The State of Texas is challenging a federal court decision against requiring voters in the Lone Star State to display an official photo identification to vote on Election Day in November, according to a published report.
Lawmakers are upset about a U.S. District Court in Washington rejecting the proposed voter ID law mandating the use of an ID issued by the government and, in response, the state is aiming to petition the U.S. Supreme Court, The Daily Texan reports.
The law's supporters say it will help the effort to stave off voter fraud while those opposing the measure and additional voter ID laws maintain they slant against minorities' votes for two reasons. Many minorities are not in possession of a photo ID and they live great distance from an office that distributes the identification cards.
The proposed law augments the responsibilities of students as well, according to director Billy Calve with student government agency Hook the Vote at the University of Texas at Austin. The law would demand information on a civilian driver's license match with a voter registration address.
"If you reside at a West Campus apartment or a dorm on campus, you would have had to make sure your driver's license address matched that," Calve told the news source. "For many students, that is not the case. Students would have had to go out and get their driver’s license changed to match their Austin address."
The case was particularly based on minority rights rather than those of students, according to assistant law professor Joseph Fishkin.
But Texas opted against numerous amendments to the voter identification law that would have reduced its strictness and cut down on the chances that it would be rejected, the assistant law professor told the news source.
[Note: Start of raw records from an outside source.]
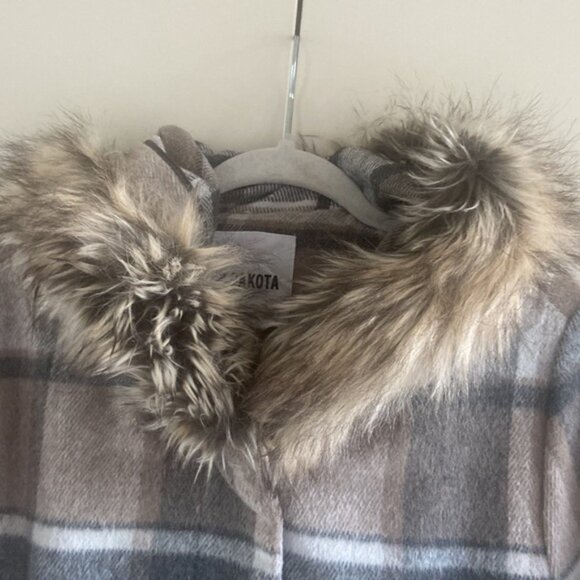 BB Dakota You Oughta Know Coat - Picture 2 of 8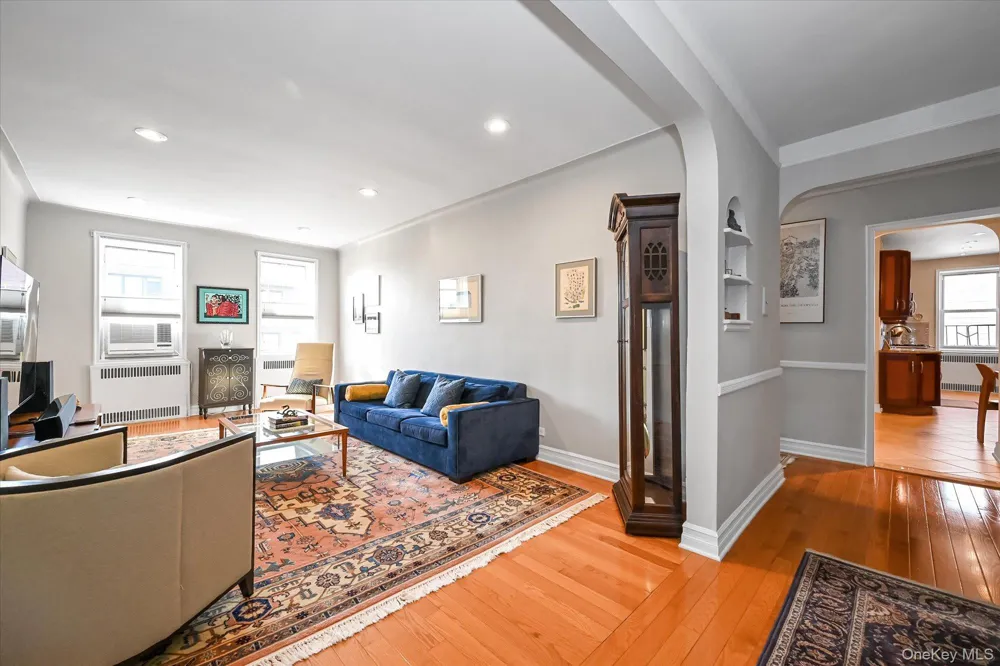 6536 Wetherole Street #608 Rego Park, NY 11374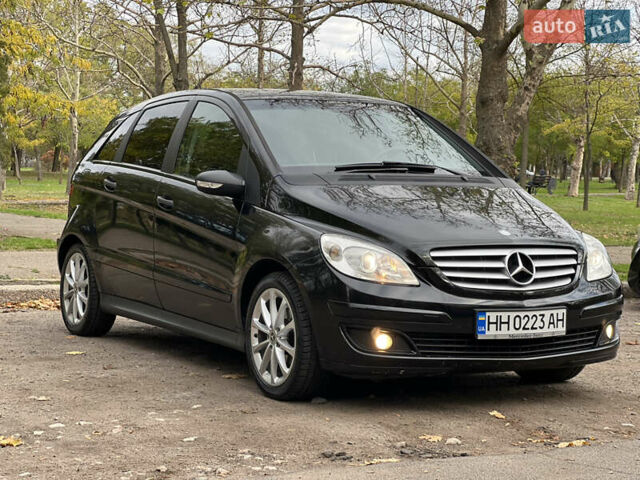 Мерседес Б-клас 2006 у Миколаєві на Automoto.ua Чорний Мерседес Б-клас, об'ємом двигуна 1.5 л та пробігом 320 тис. км за 5500 $, фото 2 на Automoto.ua
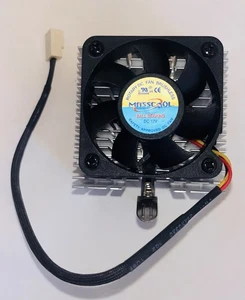 MASSCOOL CE203348 DC 12v Ventilatore rotativo brushless con dissipatore di calore - Foto 1 di 5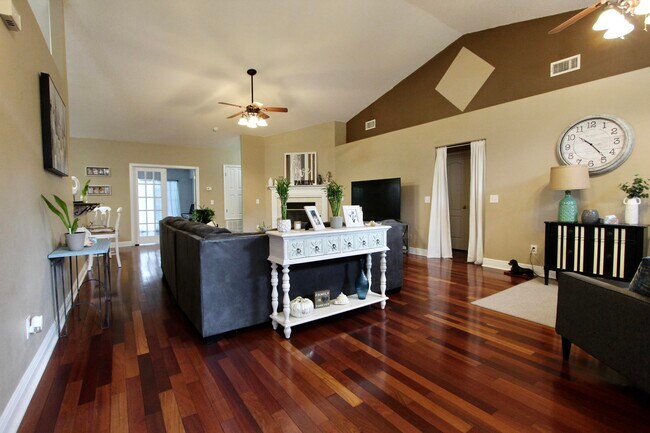Building Photo - 624 Territory Ln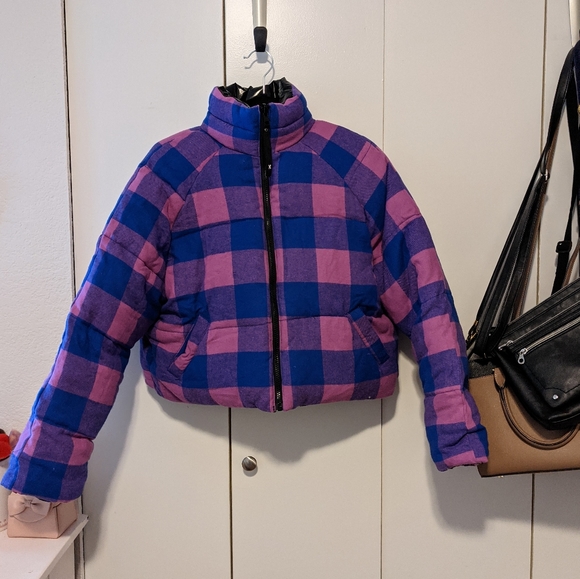 Collusion Reversible Cropped Puffer Jacket - Picture 4 of 8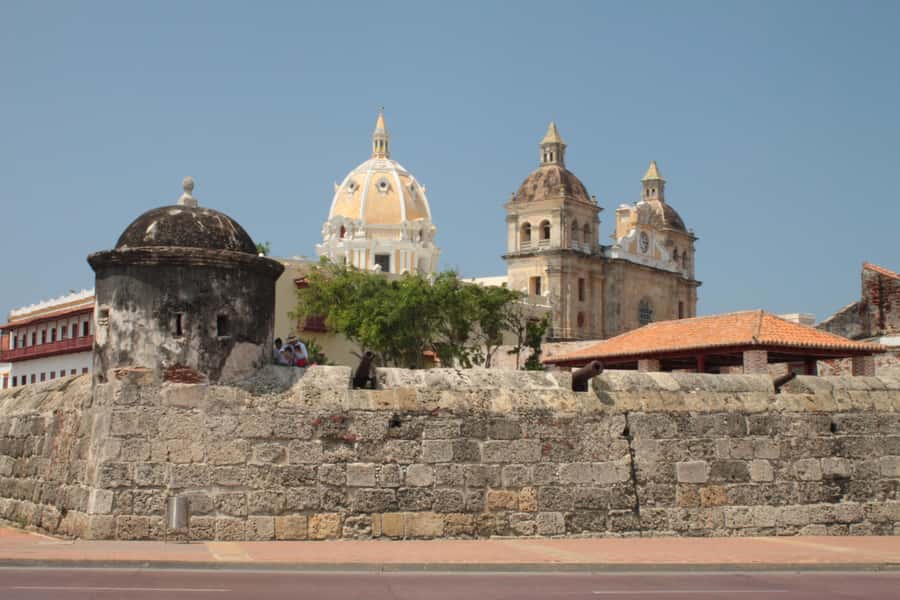 Cartagena City Tour with San Felipe Castle & Old Town Walk - Centenario Park and animals in the city center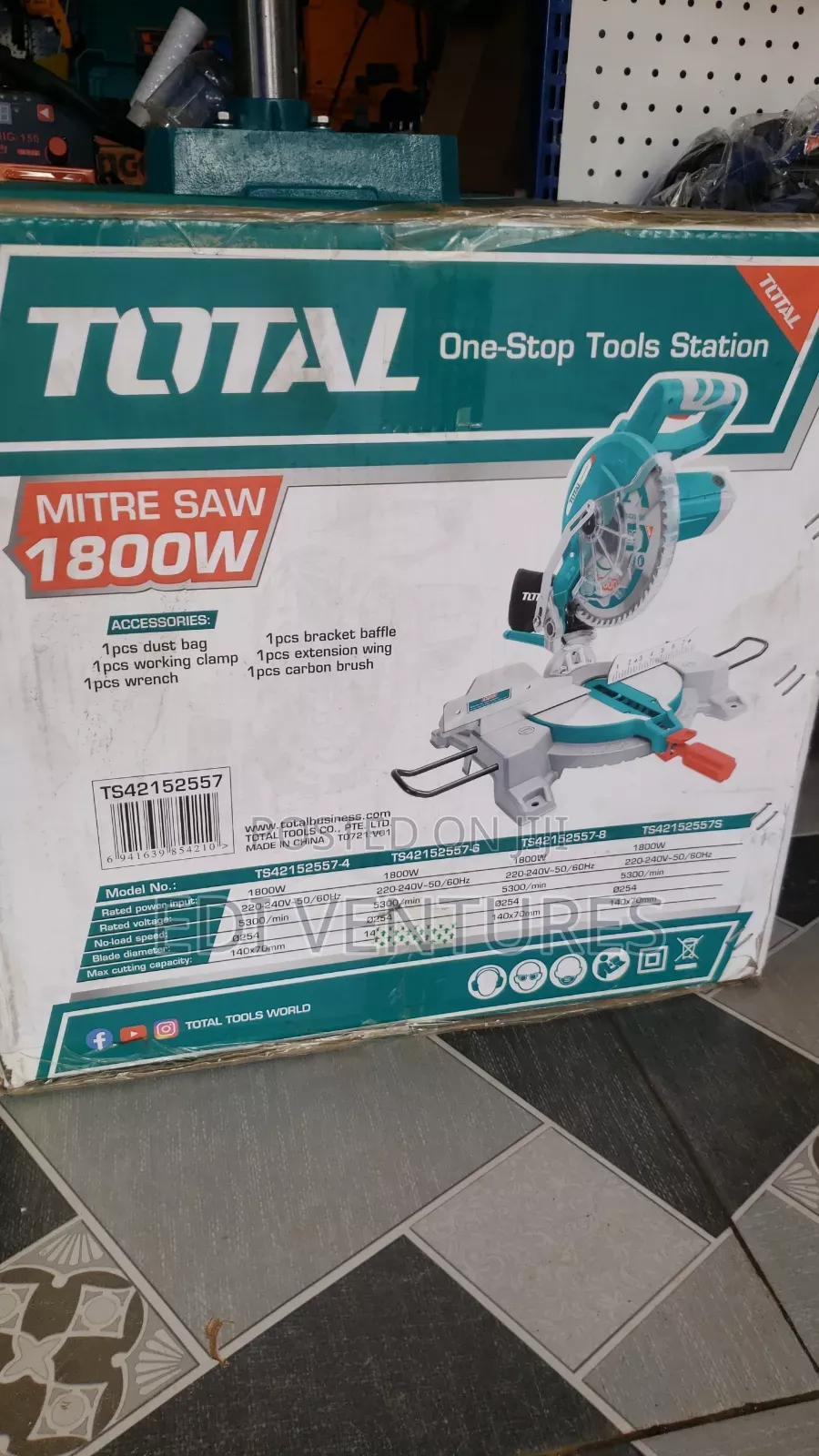 Total 1800W Mitre Saw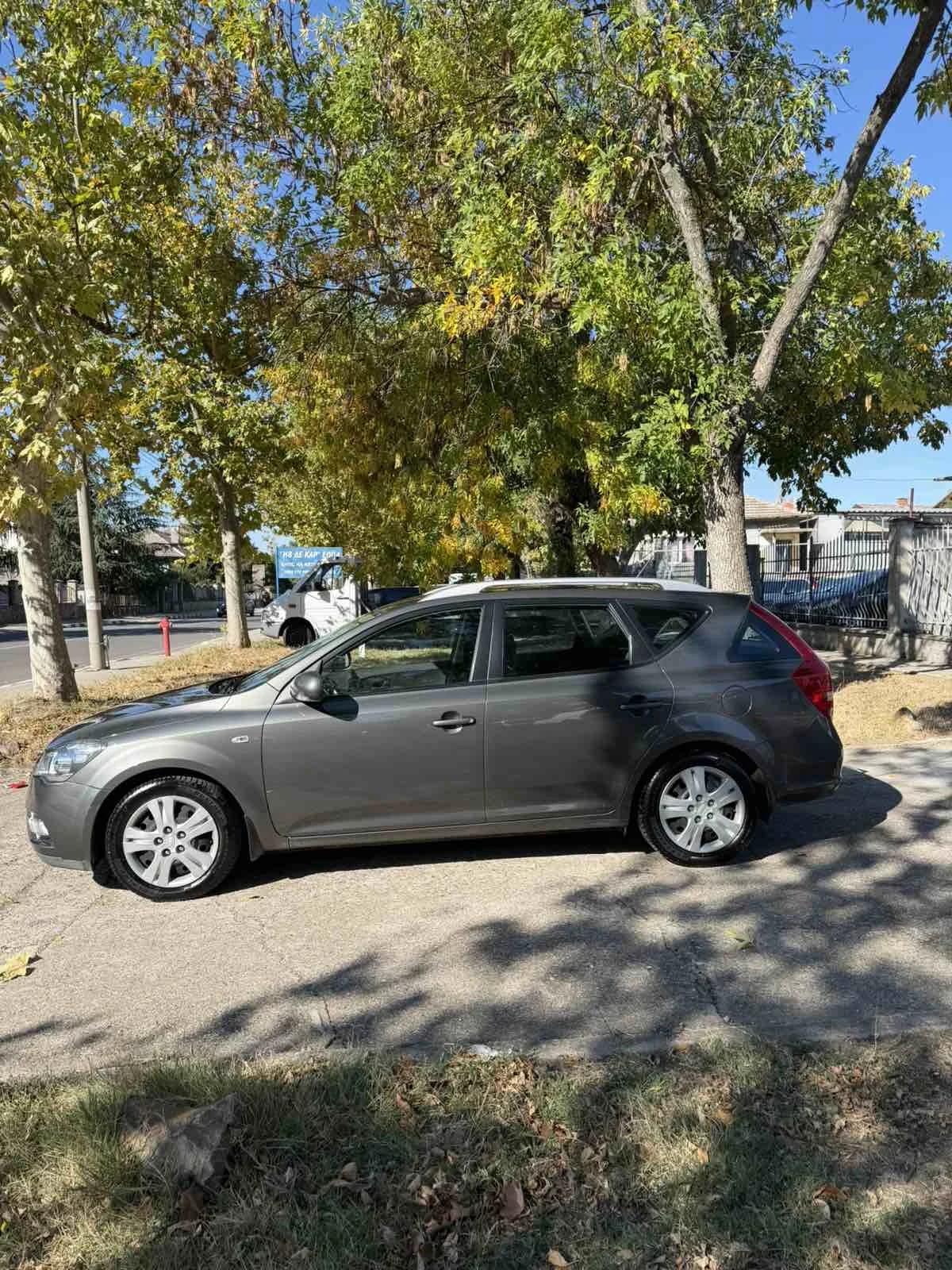 Kia Ceed 1.4 BENZIN AUSTRIA, снимка 8 - Автомобили и джипове - 56392675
One amendment advocated for student IDs' use as photo IDs when casting ballots.
"I wouldn't make too much of a big deal of this, but the state legislature's decision not to allow student IDs is one of the things that came back to haunt the state," Fishkin told the news source.
The Washington Post reports the three-judge panel described Texas' proposed law as the nation's most strict.
The publication notes this serves as the first instance of a federal bench intervening to block a voter ID law.
The federal court ruled that the state did not demonstrate that the statute would not be harmful to minorities' voting rights.